DATA SUPPLIED
■ ■ ■ ■ ■ ■ ■

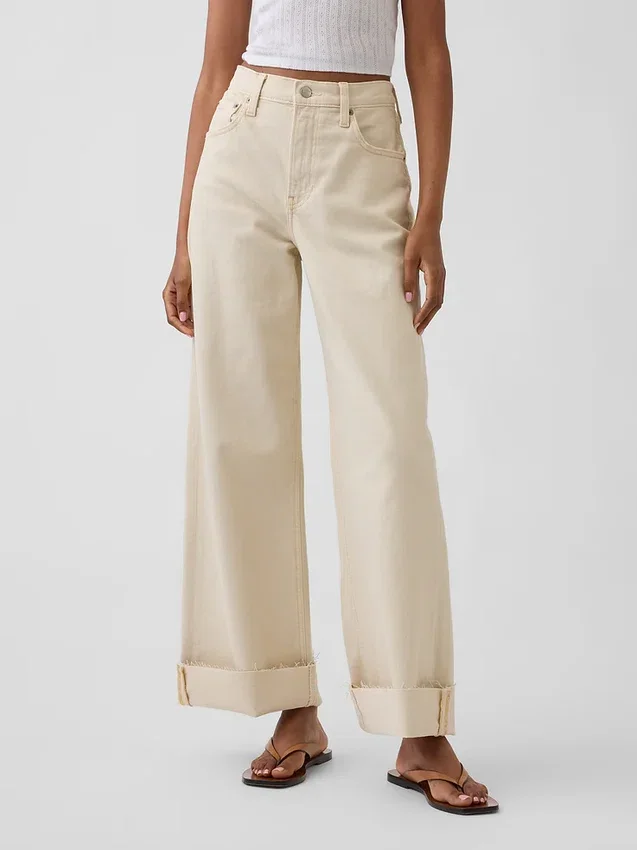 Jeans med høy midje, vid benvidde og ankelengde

■ ■ ■ ■ ■ ■ ■

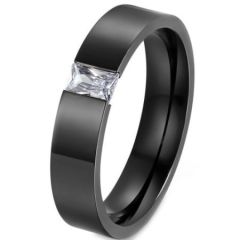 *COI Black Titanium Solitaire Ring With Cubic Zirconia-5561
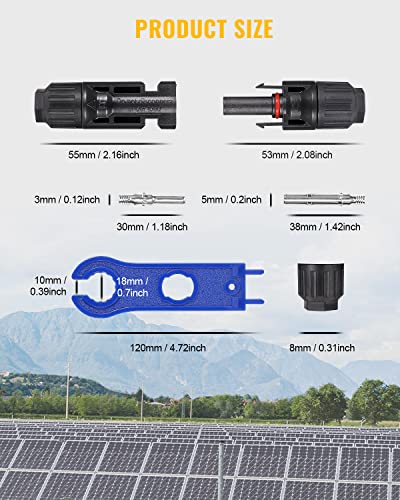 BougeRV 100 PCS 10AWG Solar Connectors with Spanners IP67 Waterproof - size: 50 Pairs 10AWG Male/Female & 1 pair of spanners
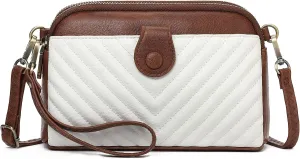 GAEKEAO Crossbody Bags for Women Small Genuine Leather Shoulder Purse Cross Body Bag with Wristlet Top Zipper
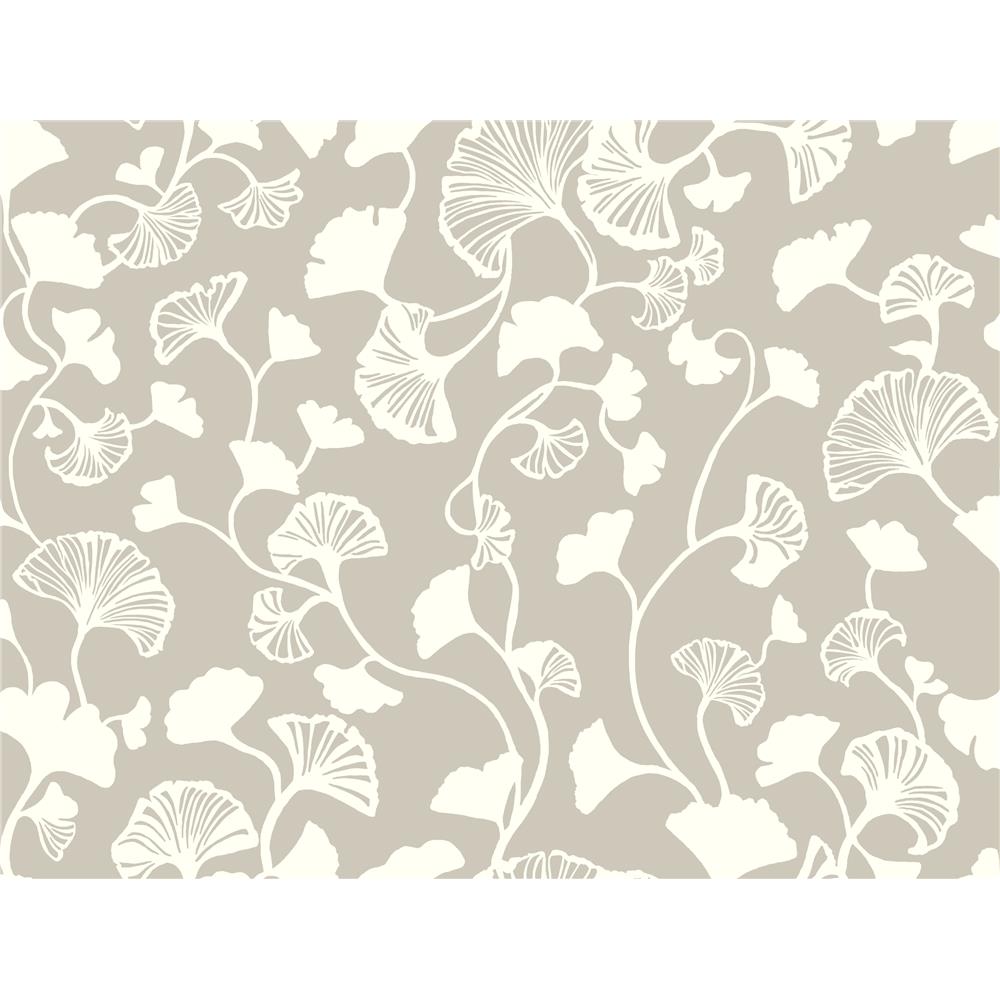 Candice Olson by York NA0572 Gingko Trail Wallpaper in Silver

■ ■ ■ ■ ■ ■ ■

WHAT TO WORK ON
A clean copy is needed of the lines in the listing above from the one with "GAEKEAO Crossbody Bags" through the one with "Candice Olson by", exact in every word and free of pictures.

OUTPUT BELOW
 GAEKEAO Crossbody Bags for Women Small Genuine Leather Shoulder Purse Cross Body Bag with Wristlet Top Zipper
 Candice Olson by York NA0572 Gingko Trail Wallpaper in Silver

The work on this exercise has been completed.